I also propose a widening operation in the style of [P3161R4], as follows:

template<class T> struct mul_wide_result { T low_bits; T high_bits; }; template<class T> constexpr mul_wide_result<T> clmul_wide(T x, T y) noexcept;

2. Motivation

Carry-less multiplication is an important operation in a number of use cases:

Carry-less multiplication is of such great utility that there is widespread hardware support, some dating back more than a decade. See below for motivating examples.

2.1. Parity computation and JSON parsing

The parity of an integer x is 0 if the number of one-bits is even, and 1 if it is odd. The parity can also be computed with popcount(x) & 1.

The special form clmul(x, -1) computes the parity of each bit in x and the bits to its right. The most significant bit holds the parity of x as a whole.

bool parity(std::uint32_t x) { return std::clmul(x, -1u) >> 31; }

While the parity of all bits can be obtained with clmul, it computes the inclusive cumulative parity, which can be used to accelerate parsing JSON and other file formats ([SimdJsonClmul]). This can be done by mapping each " character onto a 1-bit, and any other character onto 0. clmul(x, -1) would then produce masks where string characters corresponds to a 1-bit.

abc xxx "foobar" zzz "a" // input string
000000001000000100000101 // quote_mask
00000000.111111.00000.1. // clmul(quote_mask, -1), ignoring 1-bits of quote_mask

2.2. Fast space-filling curves

The special form clmul(x, -1) can be used to accelerate the computation of Hilbert curves. To properly understand this example, I will explain the basic notion of space-filling curves.

We can fill space using a 2D curve by mapping the index i on the curve onto Cartesian coordinates x and y. A naive curve that fills a 4x4 square can be computed as follows:

struct pos { uint32_t x, y; }; pos naive_curve(uint32_t i) { return { i % 4, i / 4 }; }

When mapping the index i = 0, 1, ..., 0xf onto the returned 2D coordinates, we obtain the following pattern:

0 1 2 3
4 5 6 7
8 9 a b
c d e f

The problem with such a naive curve is that adjacent indices can be positioned very far apart (the distance increases with row length). For image processing, if we store pixels in this pattern, cache locality is bad; two adjacent pixels can be very far apart in memory.
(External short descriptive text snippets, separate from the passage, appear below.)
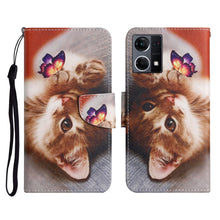 Load image into Gallery viewer, Colored Drawing Pattern Flip Leather Phone Case, For OPPO Reno7 4G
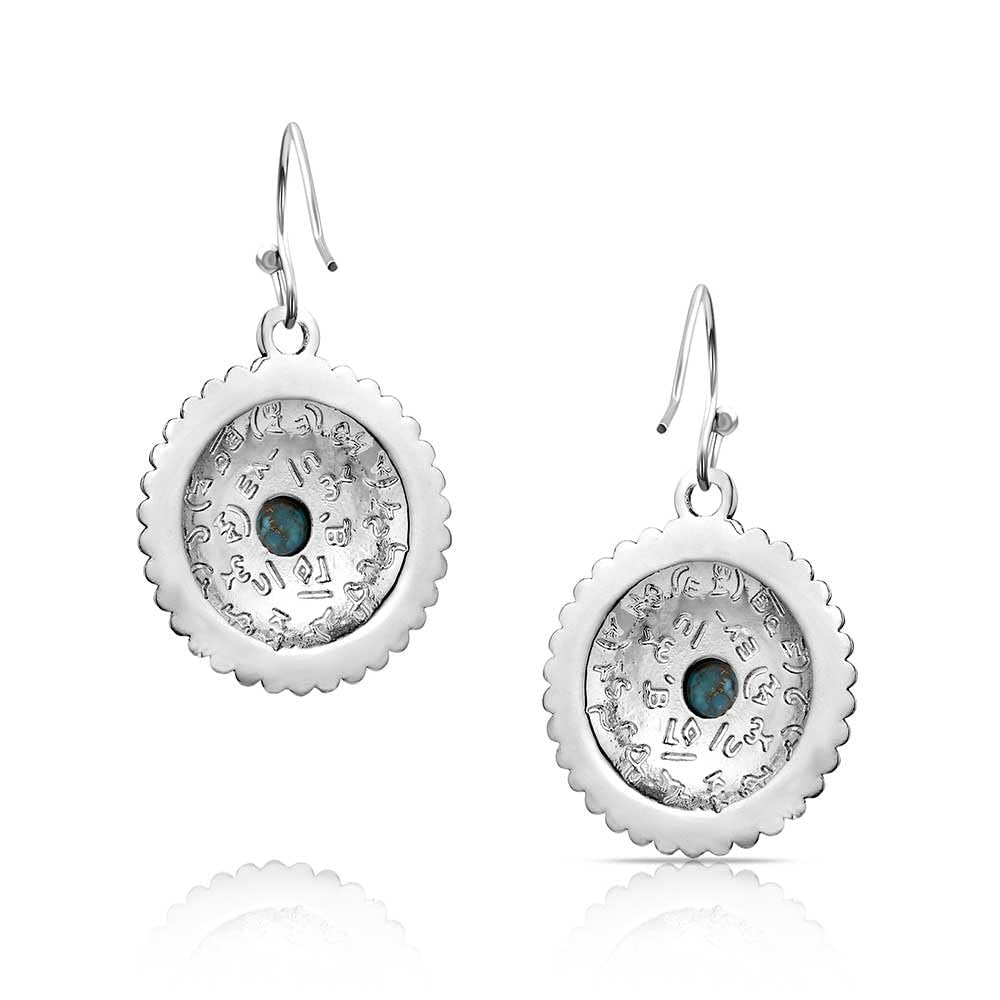 Montana Silversmiths Western Lifestyle Crafted Turquoise Drop/Dangle Earrings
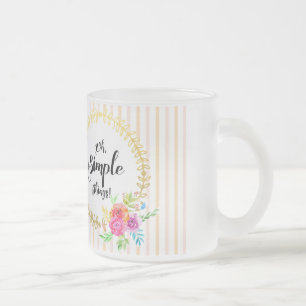 Caneca De Café Vidro Jateado Coisas Simples!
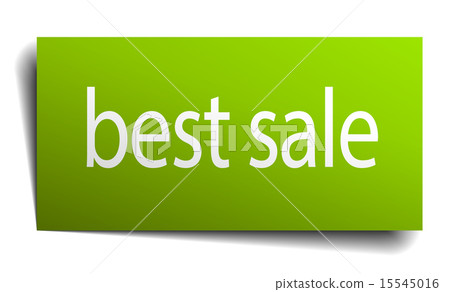 best sale green paper sign on white background best sale green paper sign on white background 15545016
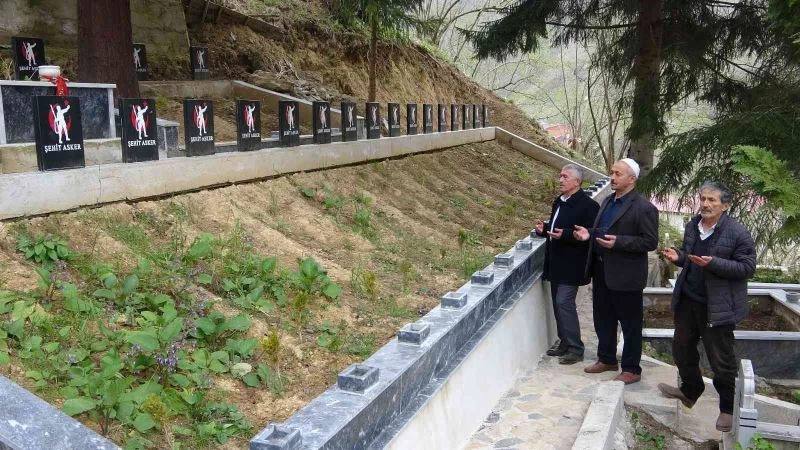 Giresun’da Harşit Çayı şehitlerine vefa
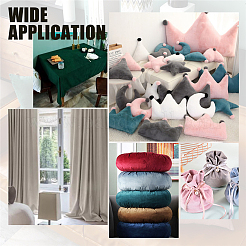 Velvet Cloth Sofa Fabric&nbsp;DIY-WH0056-48A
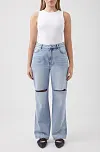 Alana Distressed Wide Leg Jean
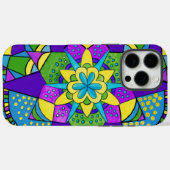 Kleurrijke geometrische bloem Case-Mate iPhone case (Achterkant (horizontaal))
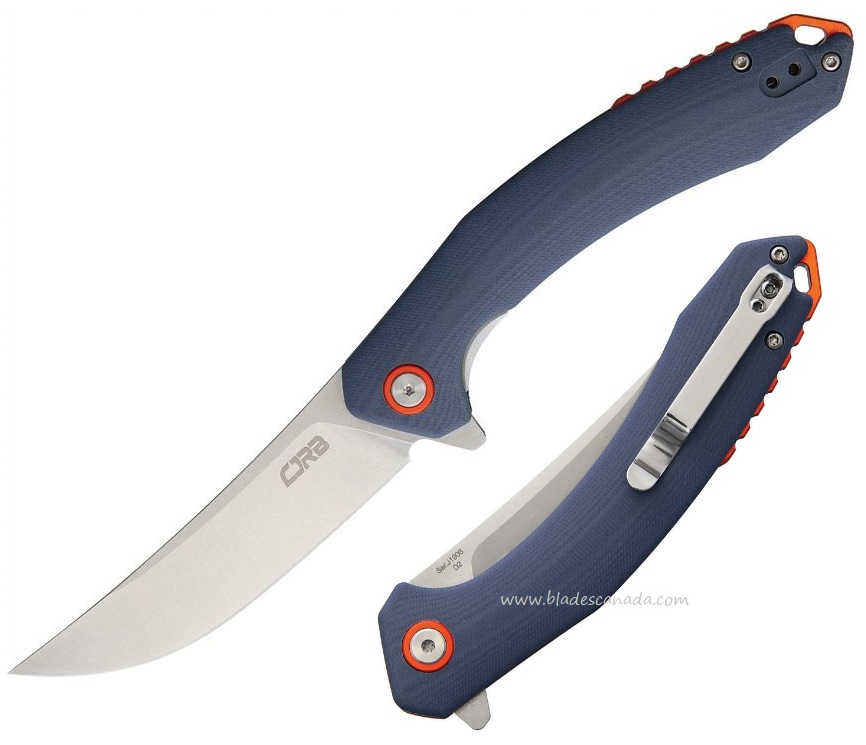 CJRB Gobi Flipper Folding Knife, D2, G10 Blue/Grey, J1906GYC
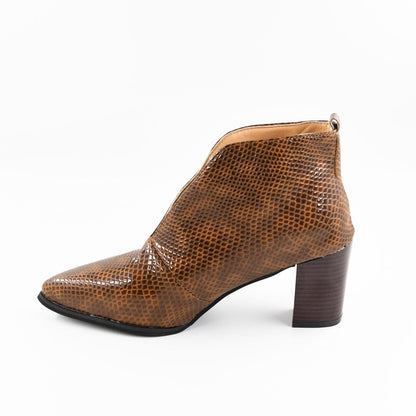 Zapato casual de tacón medio con punta cuadrada estilo retro y talla grande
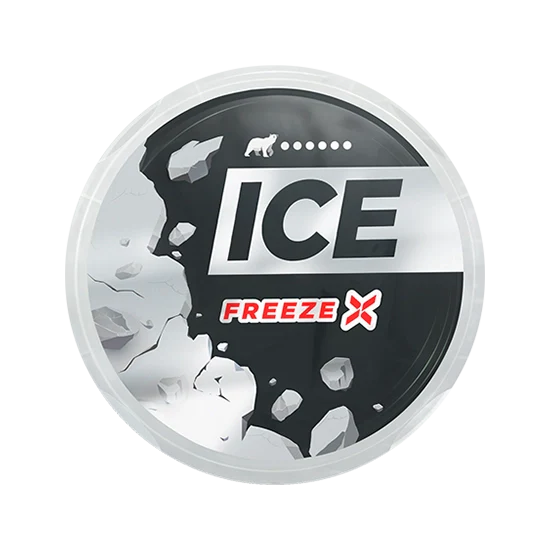 ICE Freeze X - 26.6mg - mint flavour, all-white nicotine pouch by Nicopods ehf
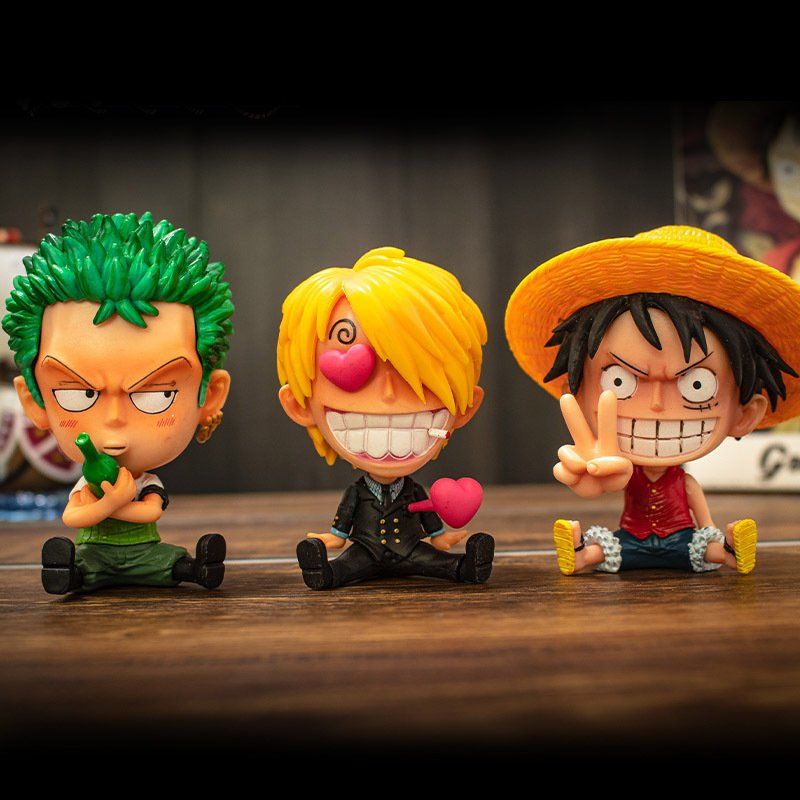 One Piece Luffy Zoro Chopper A - Zoro Anime Merchandise recension och pris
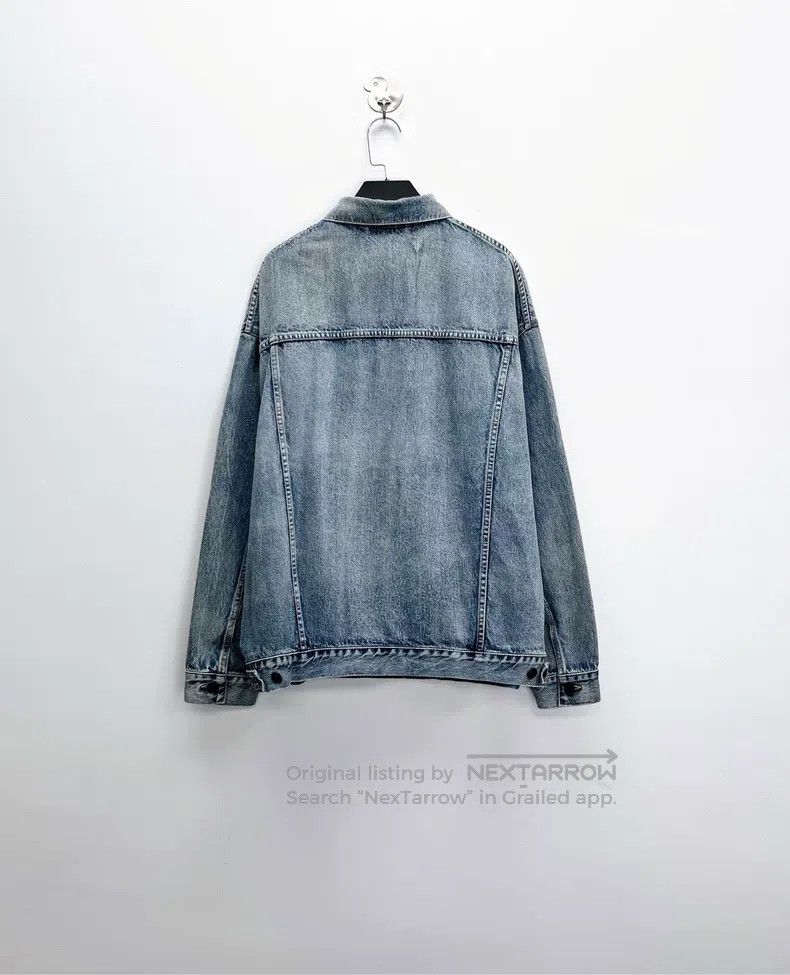 Balenciaga Balenciaga Light Blue Washed Distressed Embroidered Letter Size US XS / EU 42 / 0 - 2 Thumbnail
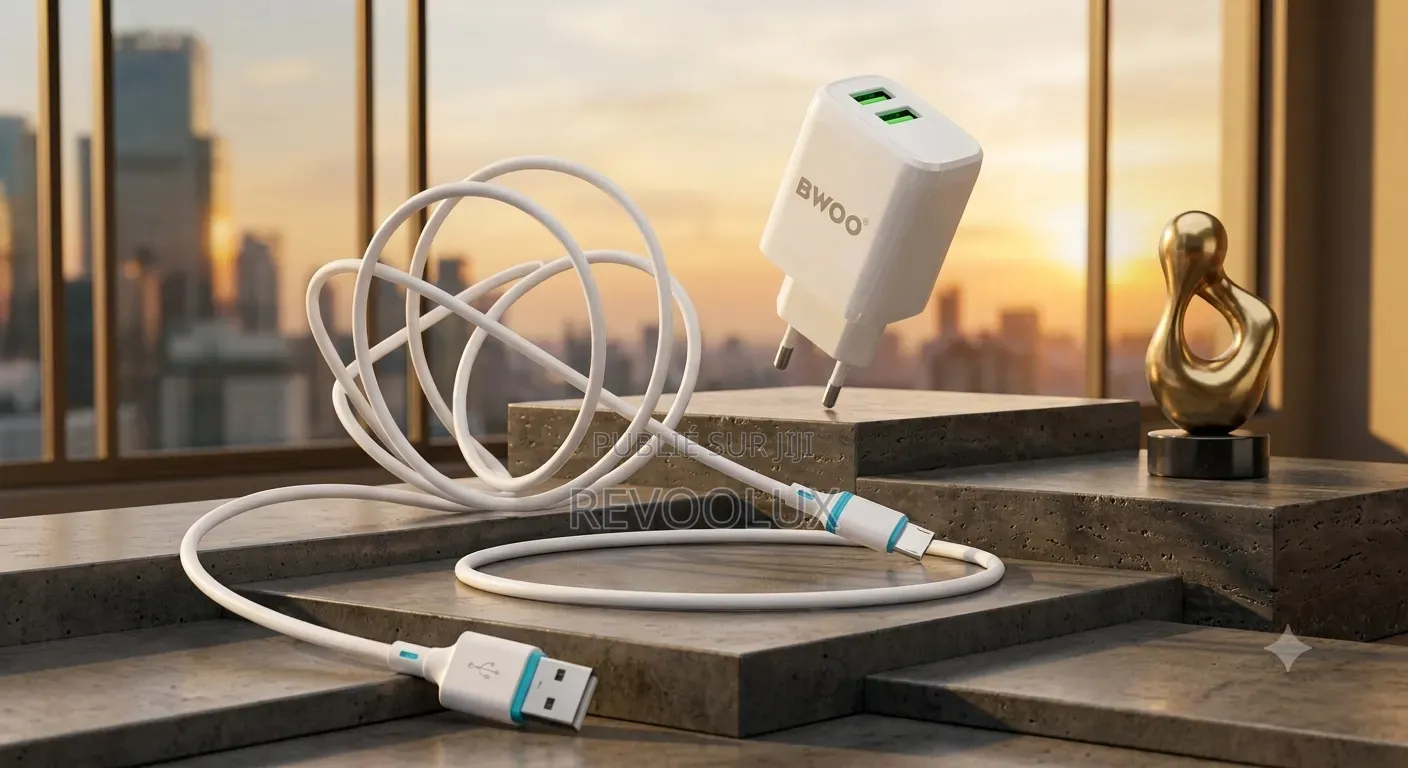 🔋 Chargeur Universel BWOO CDA60V + Câble Micro USB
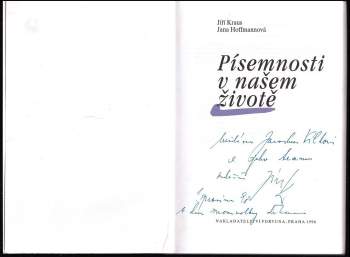 Jiří Kraus: Písemnosti v našem životě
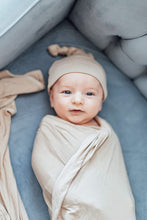 Load image into Gallery viewer, Newborn Swaddle Set - Taupe-ELIVIA &amp; CO.
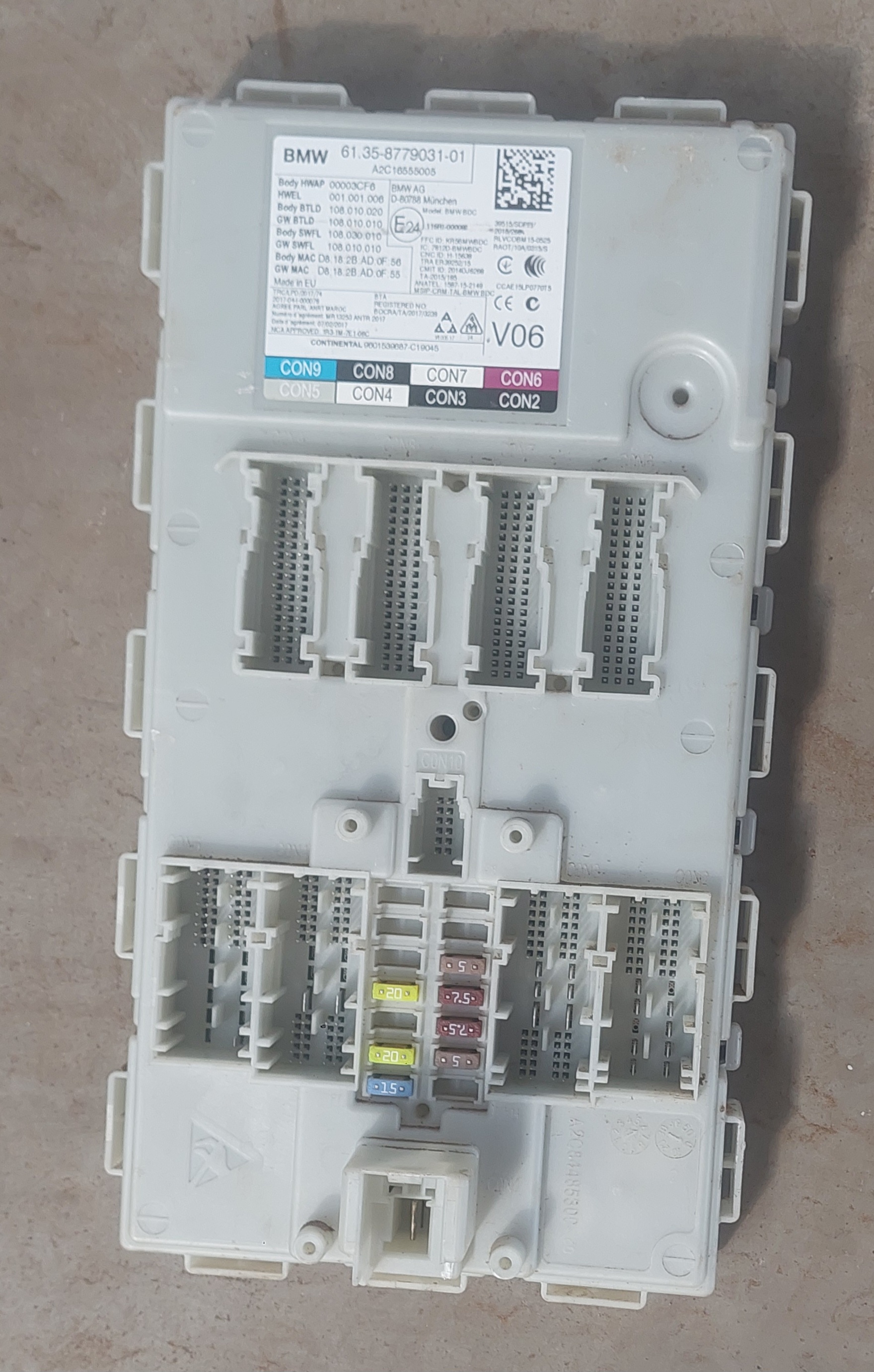 X3 G01 BODY CONTROLE MODULE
A Hilbert curve is a family of space-filling curves where the distance between two adjacent elements is 1:

0 1 e f
3 2 d c
4 7 8 b
5 6 9 a

De-interleaving bits of i into x and y yields a Z-order curve, and performing further transformations yields a Hilbert curve.

clmul can be used to compute the bitwise parity for each bit and the bits to its right, which is helpful for computing Hilbert curves. Note that the following example uses the std::bit_compress function from [P3104R3], which may also be accelerated using clmul.

pos hilbert_to_xy(uint32_t i) { // De-interleave the bits of i. uint32_t i0 = std::bit_compress(i, 0x55555555u); // abcdefgh bdfh uint32_t i1 = std::bit_compress(i, 0xaaaaaaaau); // abcdefgh aceg // Undo the permutation that Hilbert curves apply on top of Z-order curves. uint32_t A = i0 & i1; uint32_t B = i0 ^ i1 ^ 0xffffu; uint32_t C = std::clmul(A, -1u) >> 16; uint32_t D = std::clmul(B, -1u) >> 16; uint32_t a = C ^ (i0 & D); return { .x = a ^ i1, .y = a ^ i0 ^ i1 }; }

This specific example is taken from [FastHilbertCurves]. [HackersDelight] explains the basis behind this computation of Hilbert curves using bitwise operations.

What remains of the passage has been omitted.